[PROVIDED DATA — start]

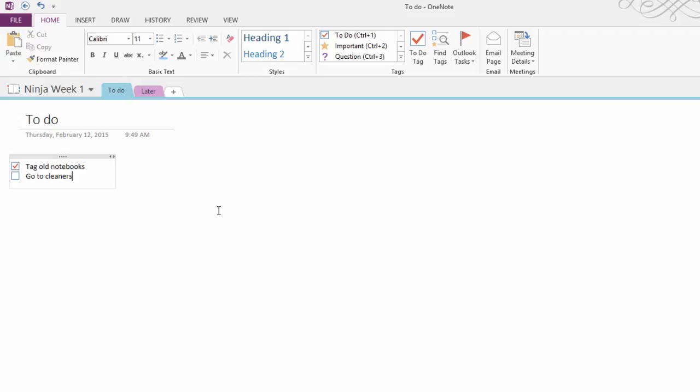You can add checkmarks to any line of text in OneNote. It doesn't have to be a list like this, even if you have an entire paragraph of text. If you have your cursor in that line and select the to-do tag, the checkbox will appear at the left end of the line.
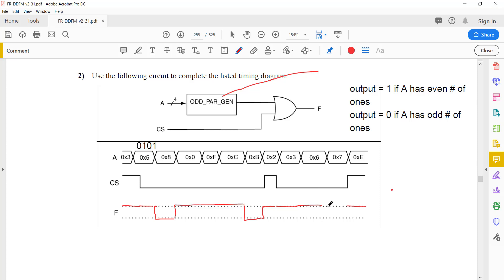7 in binary is 0111, which has 3 ones — that's odd — so the output will be 0. And that completes our timing diagram for this problem.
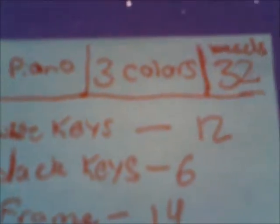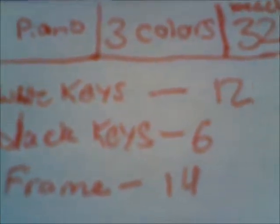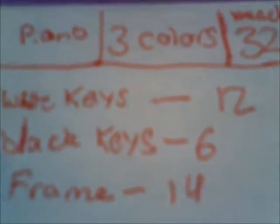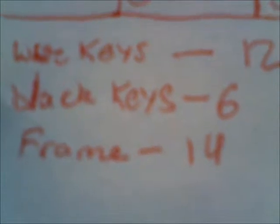Three colors, 32 beads, white keys 12, black keys 6, and frame 14. Thanks for watching, hope you like it.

[PROVIDED DATA — finish]

- TASK DETAILS
The expected output is exactly the lines from the one containing "7 in binary" through the last line of the listing, both included, with every picture left out.

- OUTPUT FOR THIS EXERCISE
7 in binary is 0111, which has 3 ones — that's odd — so the output will be 0. And that completes our timing diagram for this problem.
Three colors, 32 beads, white keys 12, black keys 6, and frame 14. Thanks for watching, hope you like it.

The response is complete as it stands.